* _Action item_
State the number of lines in the following data that contain the string "Serie", and nothing else.

* _Data listing_
:::::

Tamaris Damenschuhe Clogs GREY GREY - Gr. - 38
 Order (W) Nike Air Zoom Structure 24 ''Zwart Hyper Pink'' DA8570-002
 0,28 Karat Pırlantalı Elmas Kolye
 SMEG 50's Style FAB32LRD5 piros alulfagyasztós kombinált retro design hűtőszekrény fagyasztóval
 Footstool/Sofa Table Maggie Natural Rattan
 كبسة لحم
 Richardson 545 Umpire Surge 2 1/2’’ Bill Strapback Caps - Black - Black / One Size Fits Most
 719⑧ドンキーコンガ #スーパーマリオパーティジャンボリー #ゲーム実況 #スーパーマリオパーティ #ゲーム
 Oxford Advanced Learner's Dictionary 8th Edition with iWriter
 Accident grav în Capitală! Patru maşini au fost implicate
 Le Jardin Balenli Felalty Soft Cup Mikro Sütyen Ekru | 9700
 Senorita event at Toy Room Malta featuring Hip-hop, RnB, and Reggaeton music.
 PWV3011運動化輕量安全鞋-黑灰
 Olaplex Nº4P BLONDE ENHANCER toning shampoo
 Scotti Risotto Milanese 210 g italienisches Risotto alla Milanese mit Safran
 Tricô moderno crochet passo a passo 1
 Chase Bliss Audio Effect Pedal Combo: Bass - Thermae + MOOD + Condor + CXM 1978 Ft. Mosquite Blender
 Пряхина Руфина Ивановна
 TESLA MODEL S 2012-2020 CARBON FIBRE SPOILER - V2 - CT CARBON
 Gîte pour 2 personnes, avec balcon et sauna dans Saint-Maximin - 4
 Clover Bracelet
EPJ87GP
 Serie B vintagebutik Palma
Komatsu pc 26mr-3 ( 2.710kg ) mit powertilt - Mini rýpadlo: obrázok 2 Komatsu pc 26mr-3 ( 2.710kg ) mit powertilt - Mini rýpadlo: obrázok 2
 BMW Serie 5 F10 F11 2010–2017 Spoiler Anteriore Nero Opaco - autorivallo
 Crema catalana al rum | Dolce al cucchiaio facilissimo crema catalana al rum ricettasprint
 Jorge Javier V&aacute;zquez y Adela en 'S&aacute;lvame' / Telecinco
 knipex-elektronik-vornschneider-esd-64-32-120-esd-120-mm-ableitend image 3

:::::

* _Exercise result_
2